Strong’s burrata preparation served with grilled levain, inspired by sour cream and onion dip.
Strong’s burrata preparation served with grilled levain, inspired by sour cream and onion dip. (Grace Cheung)

Switching from France to an American football tailgate favorite, sour cream and onion dip is the inspiration for Strong’s burrata preparation served with grilled levain ($14). Strong considers burrata a near “perfect food” and wanted to think outside the burrata ball beyond just topping the cheese with a garnish or two like is the customary preparation. To tweak but not disturb such a fantastic original ingredient, the chef incorporates crème fraiche, folds them together with deeply cooked spring onions accented by lemon zest, and all together achieves the smooth-meets-chunky consistency of cottage cheese curds with the plush richness of burrata.

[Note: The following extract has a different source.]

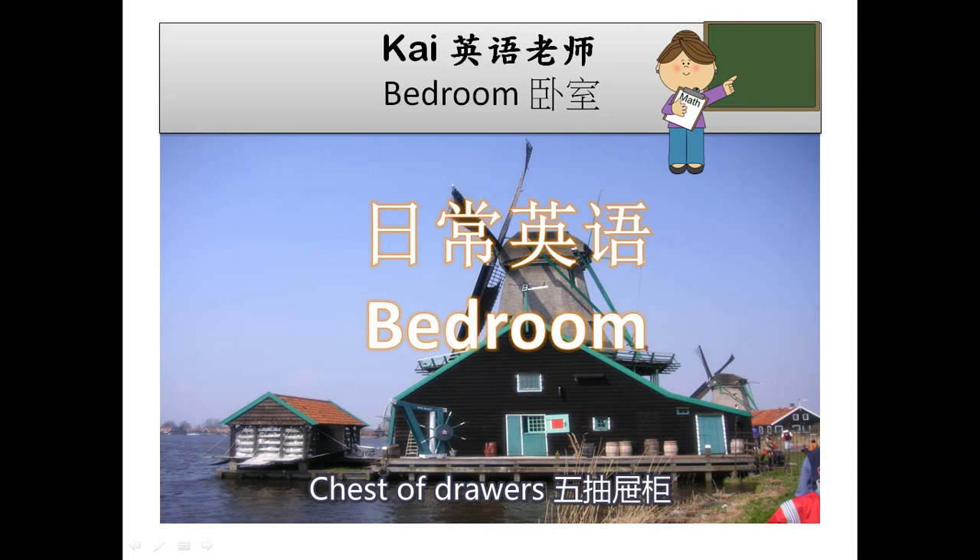Chest of Drawers. Coat Hanger. Cradle. Crib.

Another one of the many additional ways that he is changing up the restaurant status quo is service. As mentioned earlier, ordering is done by hand. Just check off the items that you’d like. Of course, servers are on hand to explain the difference between obscure Italian regions on the wine list (most wines are from Italy but the roster is always open to a few California or other European exceptions) or answer what “Pane Distrutto” even means (answer: destroyed bread). There is no robot making the pasta or tablets to order on or servers hawking small plates from carts.

An ordering menu at Prairie.
An ordering menu at Prairie. (Grace Cheung)

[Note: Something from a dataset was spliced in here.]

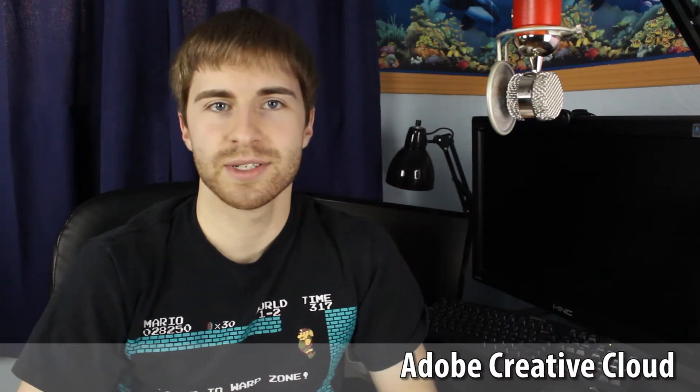Hey guys, what's up? Tyler here with T-Game and Tech. In today's video, I want to talk about the Adobe Creative Cloud — why you should seriously consider investing in it, what it includes, how it compares to other products on Adobe's website, the pricing and packaging, and the different benefits of each option.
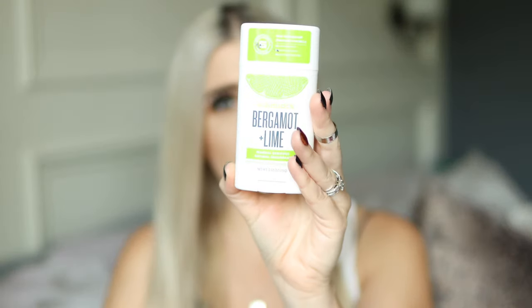Next is the Schmidt's Bergamot and Lime deodorant — it appears in every single empties video. The bergamot and lime is officially my favorite scent. They were doing a sale at Target where it was buy three and get a five dollar gift card, so I bought three different scents including coconut pineapple, bergamot and lime, and jasmine tea. They're all fine, but bergamot and lime is the one that really neutralizes my natural scent. That can be different for everybody — some fragrances complement different people's scent differently.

All of this comes not because Strong is anti-fine dining. He fully acknowledges that there is a time and place for all-encompassing special fine dining, like at some of Prairie’s neighbors (Lazy Bear is across the street and Californios is three blocks away). But, that is just not what he wanted to do with his own restaurant. Strong is just as much an entrepreneur trying to solve problems in his industry, as he is a restaurateur. Prairie is one of the few San Francisco restaurants to not accept tips, instead adding an 18% service charge to be shared by front and back of house staff in a democratic way that tips can’t provide. Strong isn’t one to attach formal titles to himself, but if he did, it would be something along the lines of Chef/Owner/General Manager/Cocktail Creator/Décor Designer/Carpenter/Doer of All Sorts of Random Tasks That Your Restaurant Needs.

While it can seem striking at first to diners who are new to Strong, his desire to lightly shake things up is something that makes complete sense dating back to before he played in his high school band that is one of the namesakes for the restaurant. The restaurant’s other namesake also is, of course, where Strong grew up and his road to San Francisco’s Prairie began.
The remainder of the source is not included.